1. Technical Field
The present invention relates generally to an improved data processing system and in particular to a method, apparatus, and computer instructions for processing data. Still more particularly, the present invention relates to a method, apparatus, and computer instructions for managing operating systems in a logical partitioned data processing system.
2. Description of Related Art
Increasingly large symmetric multi-processor data processing systems, such as IBM eServer P690, available from International Business Machines Corporation, DHP9000 Superdome Enterprise Server, available from Hewlett-Packard Company, and the Sunfire 15K server, available from Sun Microsystems, Inc. are not being used as single large data processing systems. Instead, these types of data processing systems are being partitioned and used as smaller systems. These systems are configured as multi-partition enabled systems. In other words, a single physical data processing system has multiple partitions in which each partition has an operating system. These partitions may execute concurrently.

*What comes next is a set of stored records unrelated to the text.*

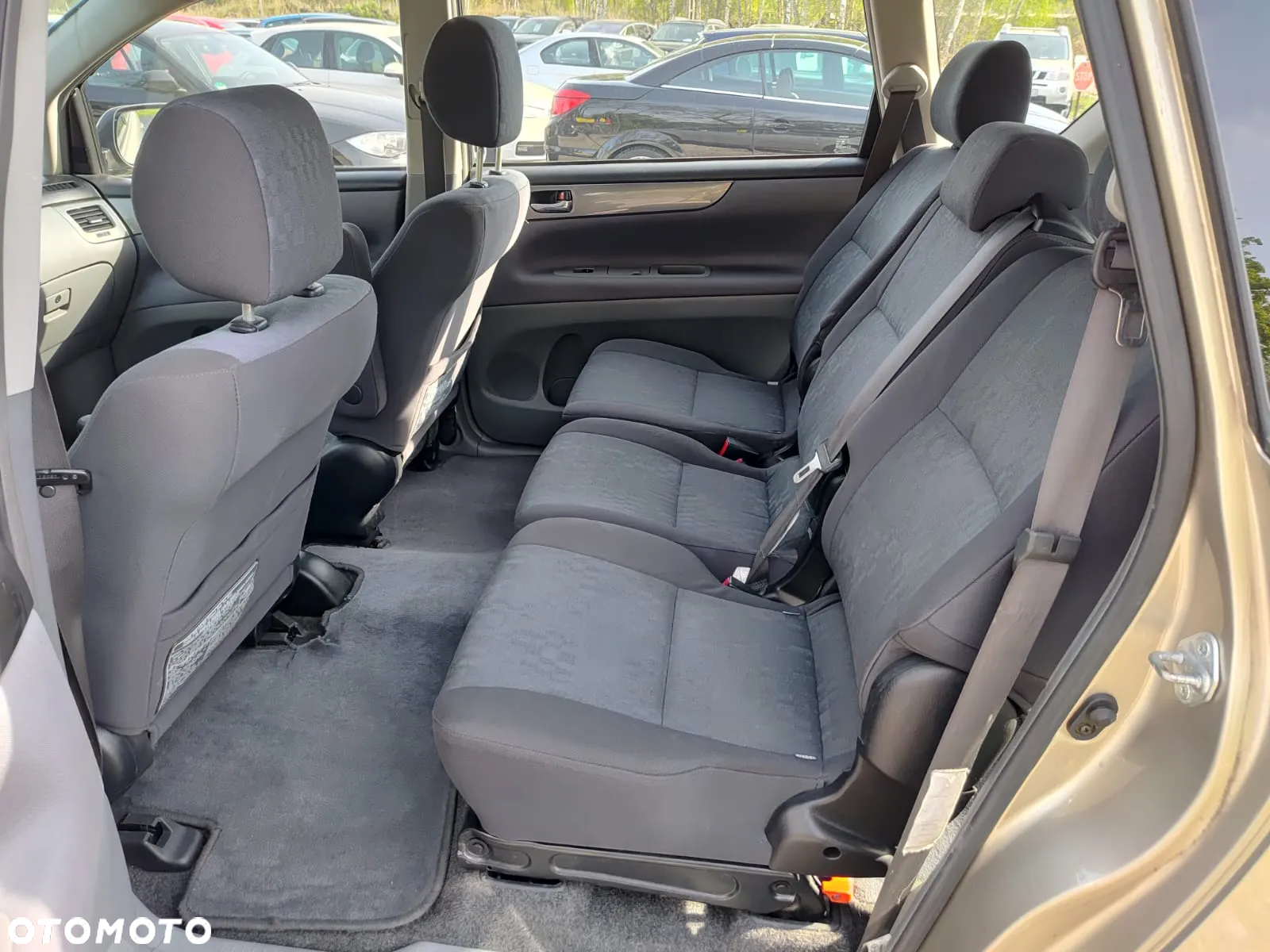 Toyota Avensis Verso D-4D - 7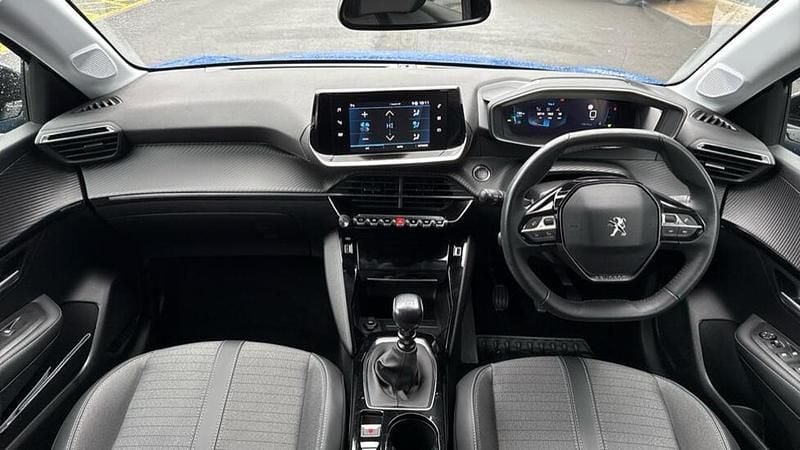 Used Peugeot 208 Allure Premium 99 HP (72 kW) 2022 Hatchback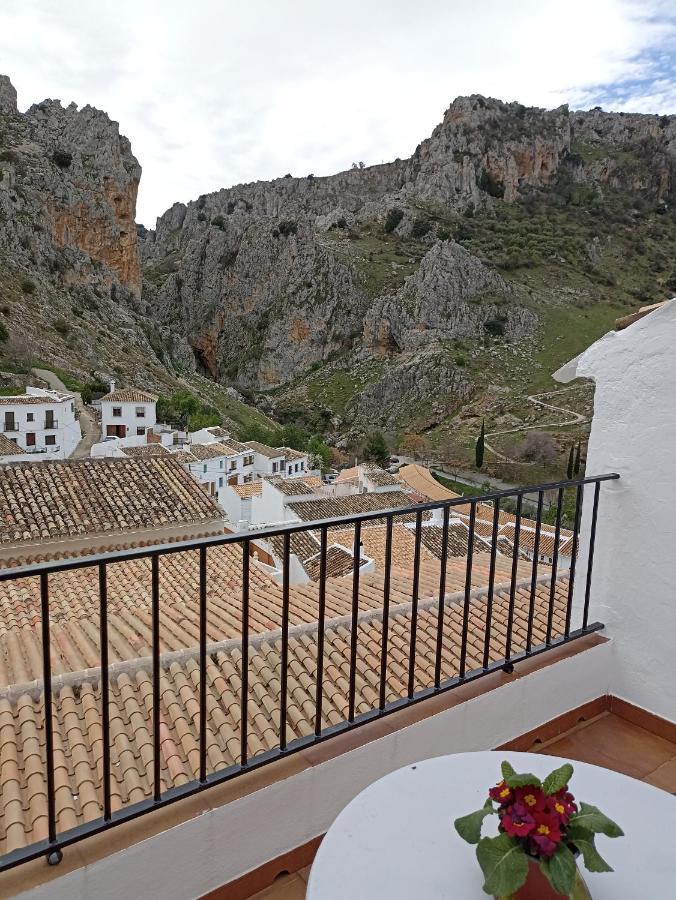 El Hechizo Del Bailon Guest House Zuheros Exterior photo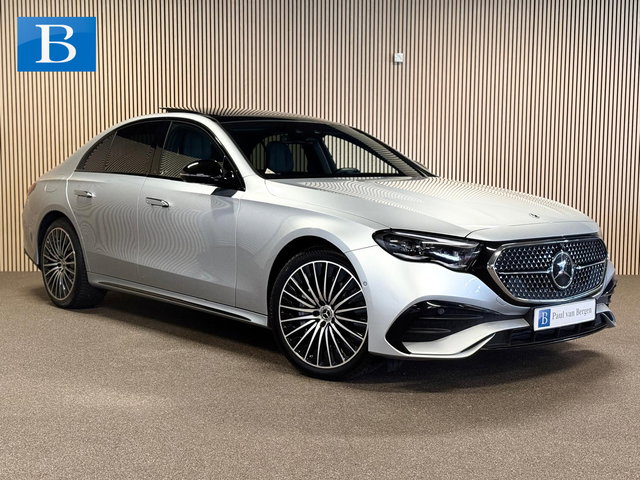 Mercedes-Benz E-Klasse - 400e 4 Matic AMG-PANO-HYPERSCREEN-STURENDE ACHTERAS-HEAD UP-ZEER COMPLEET-NPR. € 107000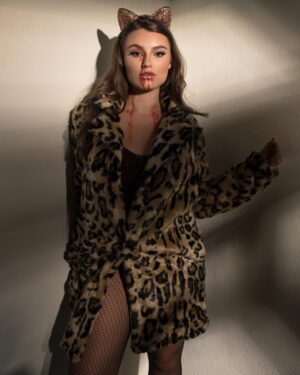 Skyler Wright Instagram - meow 🐾 photo by @jeandrenard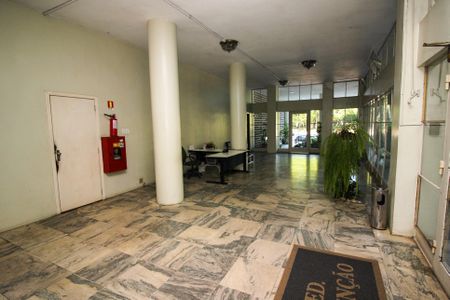 Apartamento à venda com 105m², 3 quartos e 1 vaga Apartamento à venda com 105m², 3 quartos e 1 vagaHall de entrada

When the partitions are made in a logical manner, these systems are also referred to as logical partitioned (LPAR) data processing systems. A logical partitioned functionality within a data processing system allows multiple copies of a single operating system or multiple heterogeneous operating systems to be simultaneously run on a single data processing system platform. A partition, within which an operating system image runs, is assigned a non-overlapping subset of the platforms resources. These platform allocatable resources include one or more architecturally distinct processors with their interrupt management area, regions of system memory, and input/output (I/O) adapter bus slots. The partition's resources are represented by the platform's firmware to the operating system image.

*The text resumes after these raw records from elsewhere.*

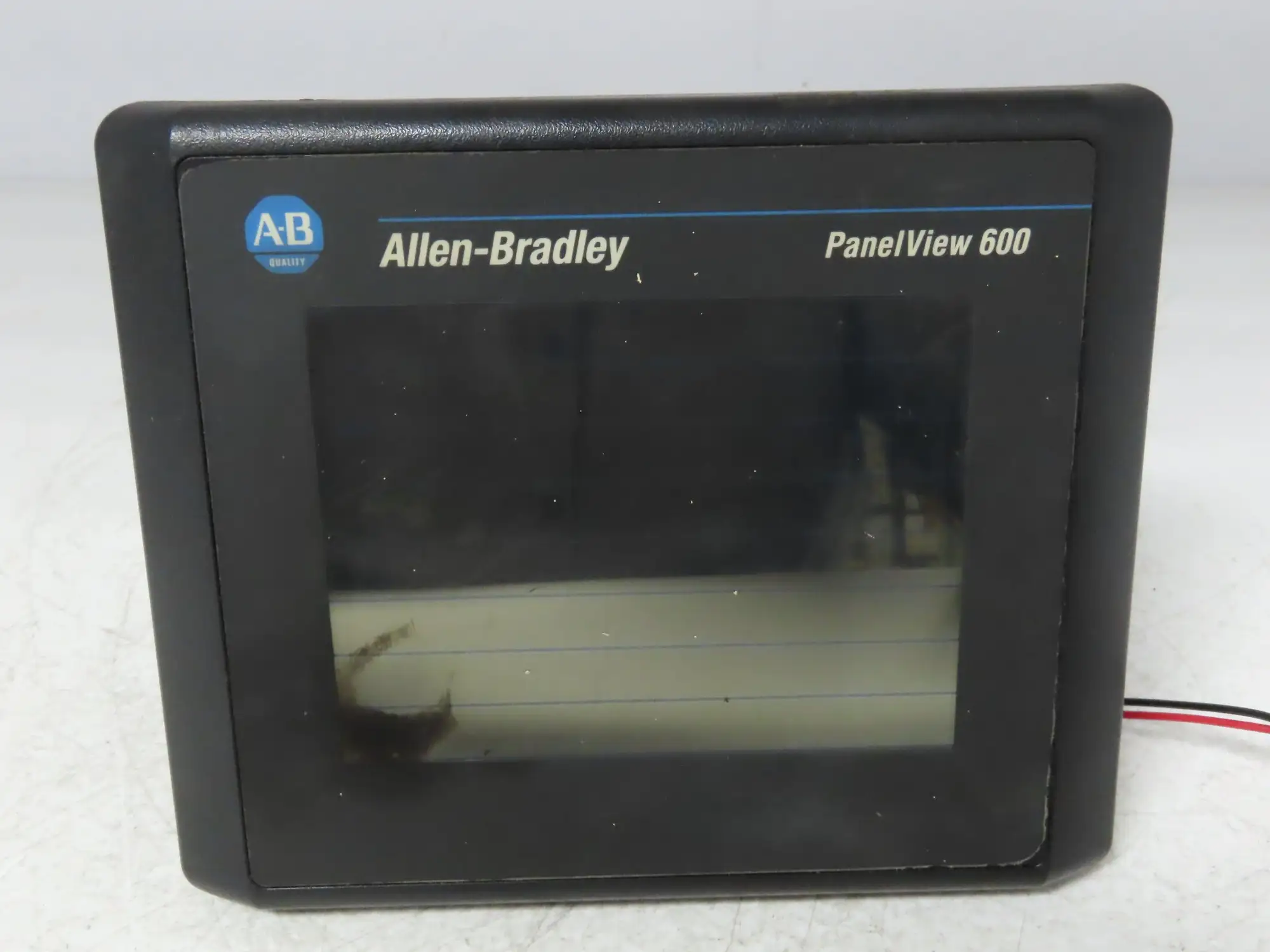 Allen Bradley 2711-T6C5L1 PanelView 600 Touchscreen 24VDC - NEEDS REPAIR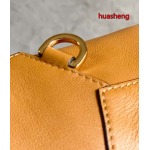 2023年4月原版復刻新作入荷 LOEWE バッグ huasheng工場29*12*10cm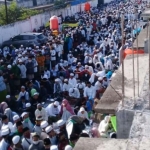 Suasana jamaah yang membludak di sepanjang jalan menuju lokasi acara Haul Habib Sholeh Tanggul Jember ke-44 tahun 2020.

Each distinct operation system or image of an operating system running within a platform is protected from each other such that software errors on one logical partition cannot affect the correct operations of any of the other partitions. This protection is provided by allocating a disjointed set of platform resources to be directly managed by each operating system image and by providing mechanisms for insuring that the various images cannot control any resources that have not been allocated to that image. Furthermore, software errors in the control of an operating system's allocated resources are prevented from affecting the resources of any other image. Thus, each image of the operating system or each different operating system directly controls a distinct set of allocatable resources within the platform.
With respect to hardware resources in a logical partitioned data processing system, these resources are disjointly shared among various partitions. These resources may include, for example, input/output (I/O) adapters, memory DIMMs, non-volatile random access memory (NVRAM), and hard disk drives. Each partition within an LPAR data processing system may be booted and shut down over and over without having to power-cycle the entire data processing system.
Currently, a system administrator can load operating systems for a logical partitioned data processing system, but is unable to know whether the operating system is a rogue or unauthorized operating system, one that has been illegally modified. In logical partitioned data processing systems that have been enabled to run multiple operating systems simultaneously, it is critical that a rogue or unauthorized operating system is not allowed to load and execute. This requirement is especially important with operating systems that support simultaneous multithreading (SMT) and sub-processor partitioning (SPP). If an unauthorized operating system is allowed to load, this operating system has automatic privilege levels that are sufficient to allow calls into the platform firmware.
With these privileges, an unauthorized operating system may attempt to penetrate the system and at the very least cause a loss of resources through denial of service attack attempts. The problem with an unauthorized operating system is more critical in SMT and SPP enabled systems because the unauthorized operating system may share processor facilities, rather than using isolated processors, and may be able to influence the other partitions to a greater extent.
Currently, no mechanisms are present to limit the loading of unauthorized operating systems. Therefore, it would be advantageous to have an improved method, apparatus, and computer instructions for preventing an unauthorized operating system from loading and executing in a logical partitioned data processing system.